**Exercise aim**
Leaving out the pictures, return word for word the stretch of entries below from the line holding "a living room" through the line holding "Silver-Framed Eyeglasses with".
(Data for the task)
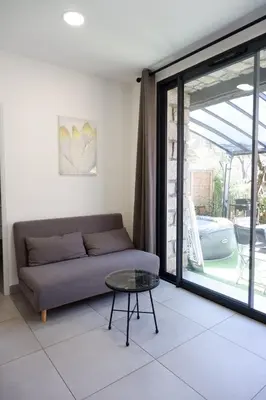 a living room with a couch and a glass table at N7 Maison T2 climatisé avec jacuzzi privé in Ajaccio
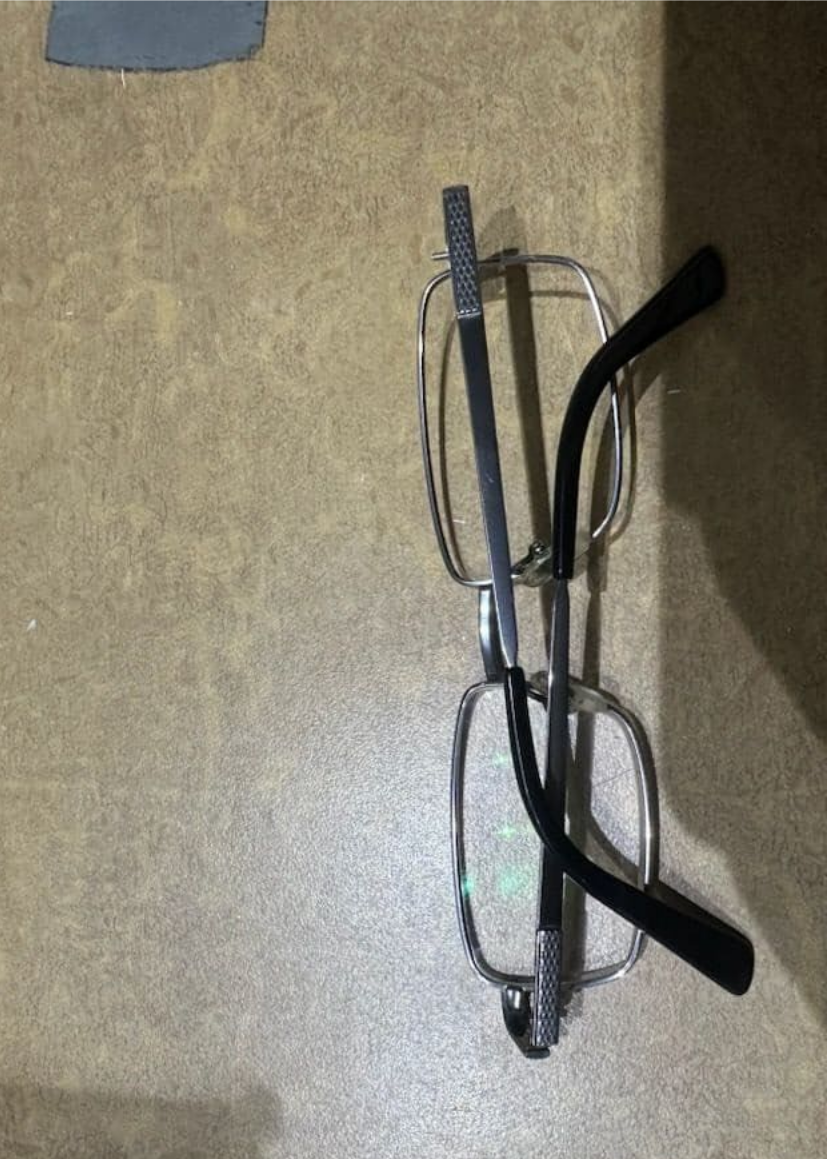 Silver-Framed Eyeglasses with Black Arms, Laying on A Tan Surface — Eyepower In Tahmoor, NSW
(End Data for the task)
(Data for the task)
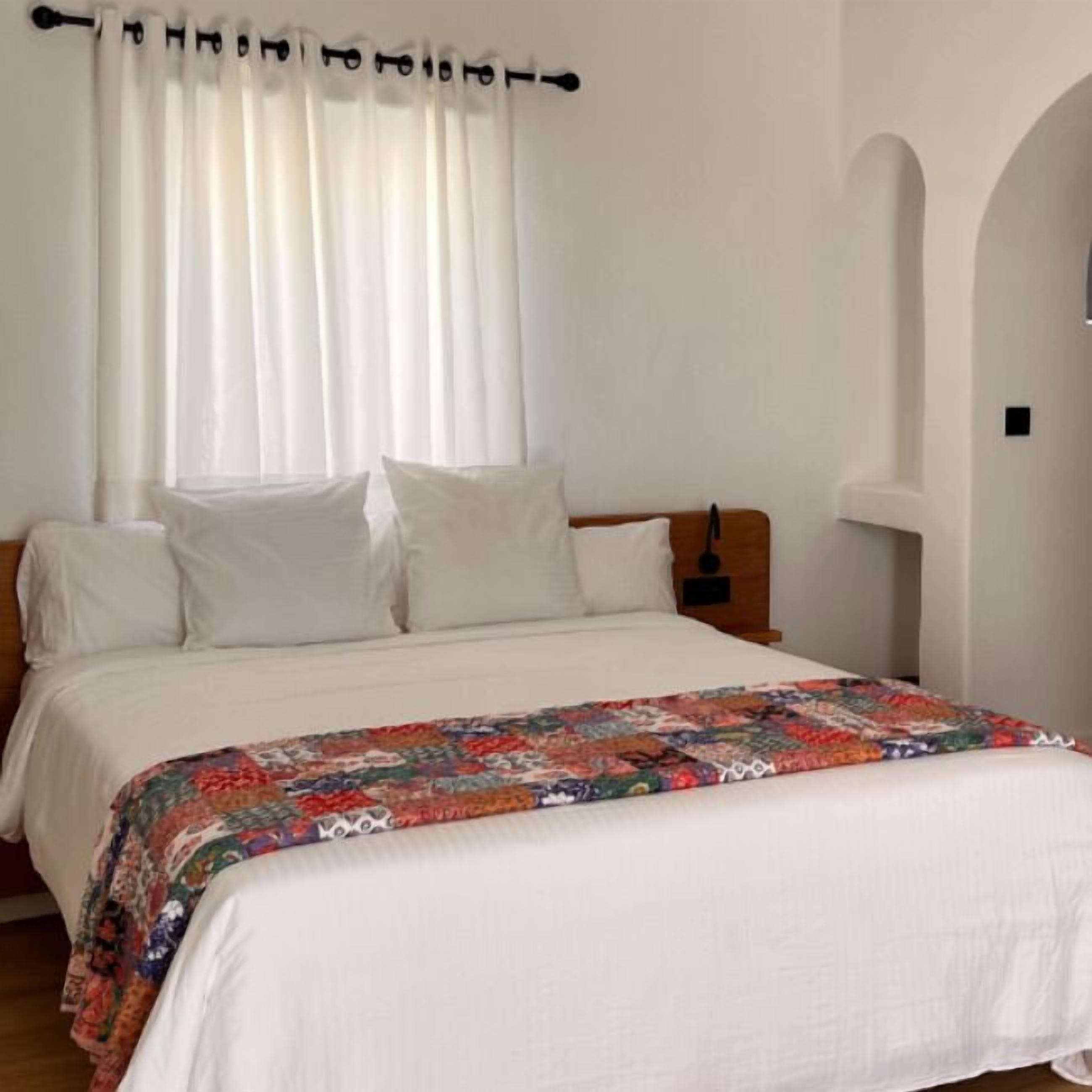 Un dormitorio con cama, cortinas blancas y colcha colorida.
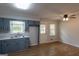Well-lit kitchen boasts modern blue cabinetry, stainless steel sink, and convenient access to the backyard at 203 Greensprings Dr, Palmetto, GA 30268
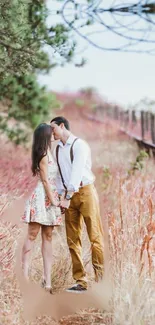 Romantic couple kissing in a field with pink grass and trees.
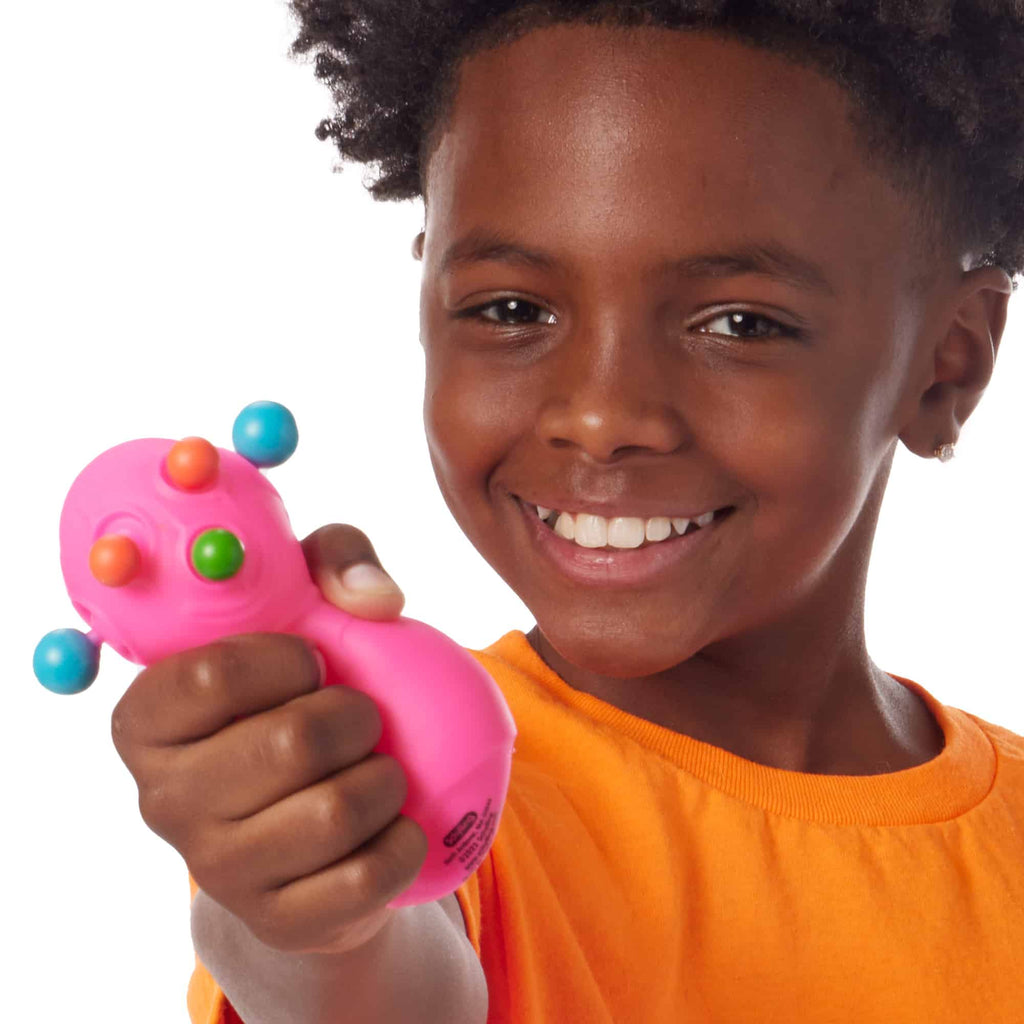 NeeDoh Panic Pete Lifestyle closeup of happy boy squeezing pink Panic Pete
(End Data for the task)
(Data for the task)
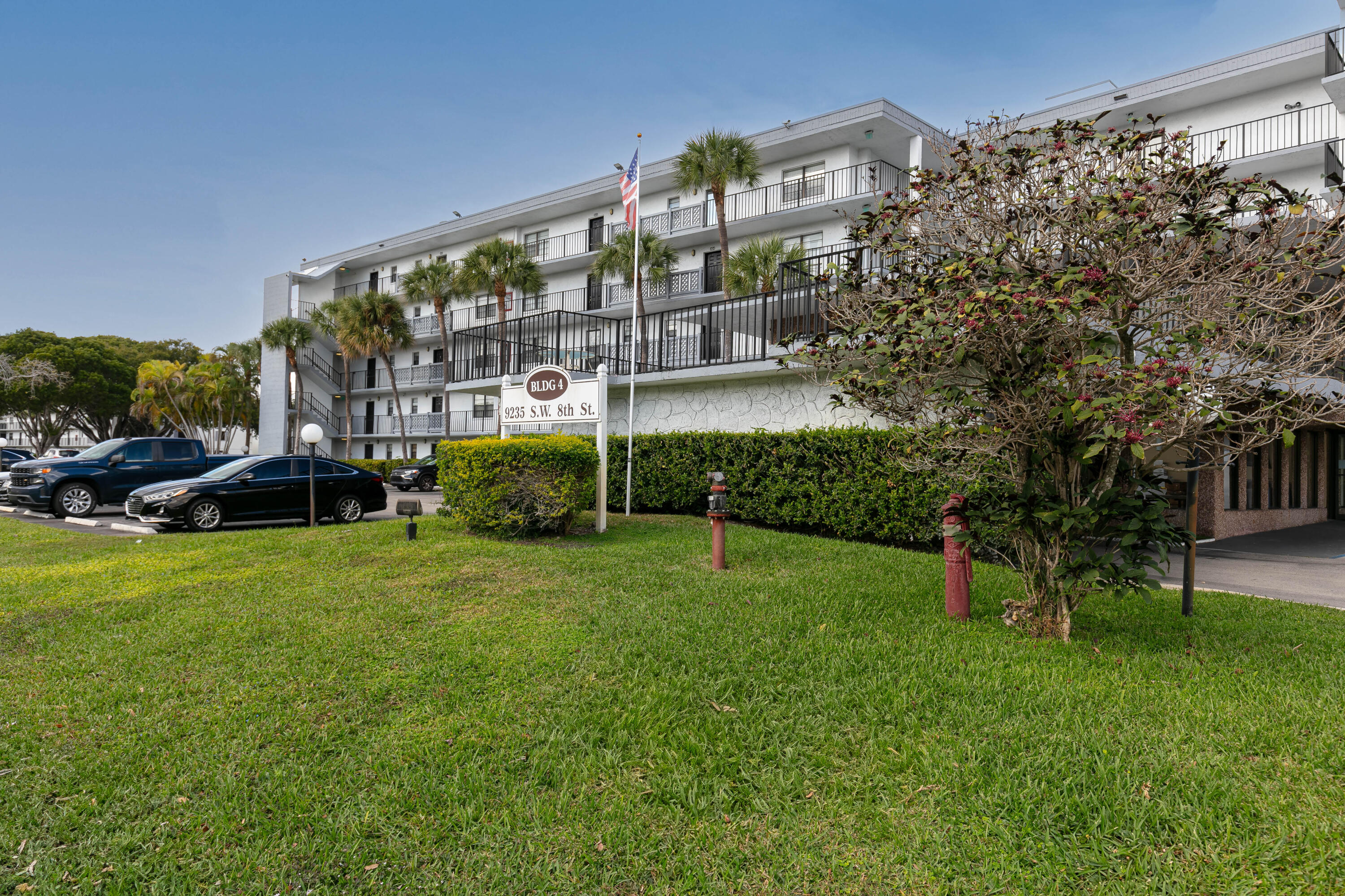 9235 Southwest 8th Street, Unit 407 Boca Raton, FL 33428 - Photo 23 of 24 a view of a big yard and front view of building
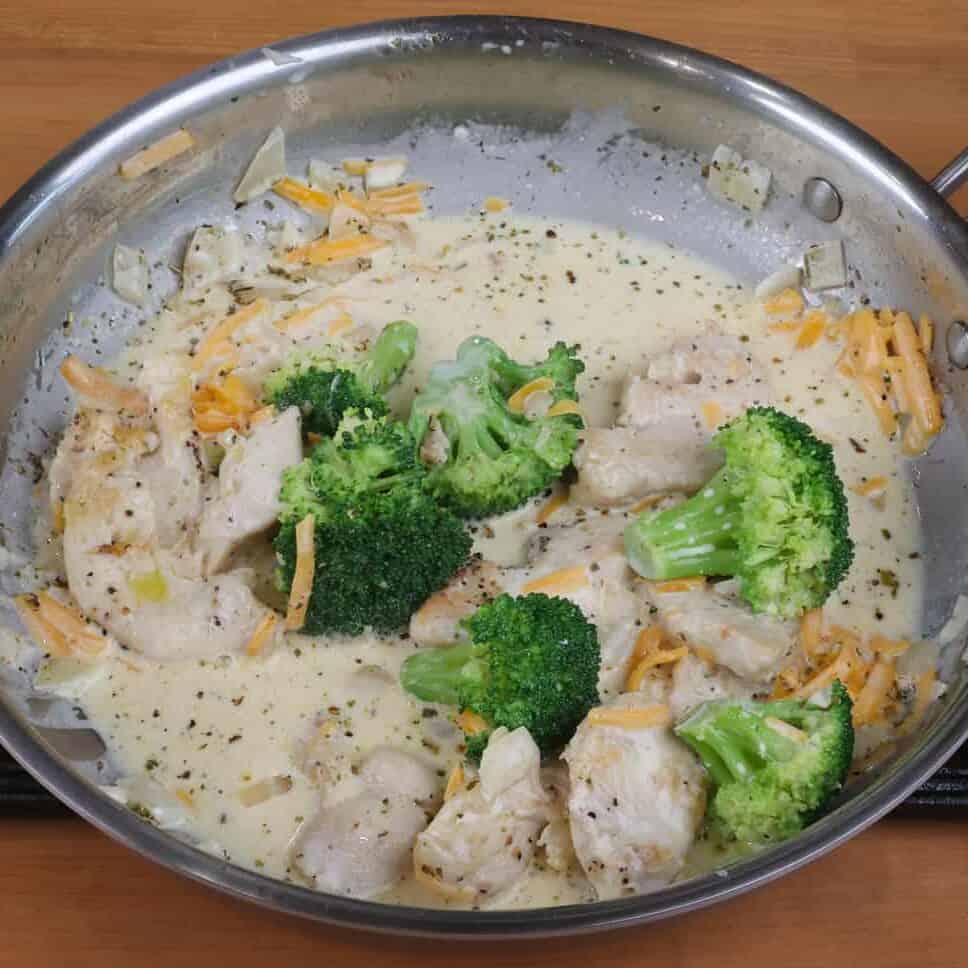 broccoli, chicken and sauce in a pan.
(End Data for the task)
**Exercise response**
 a living room with a couch and a glass table at N7 Maison T2 climatisé avec jacuzzi privé in Ajaccio
 Silver-Framed Eyeglasses with Black Arms, Laying on A Tan Surface — Eyepower In Tahmoor, NSW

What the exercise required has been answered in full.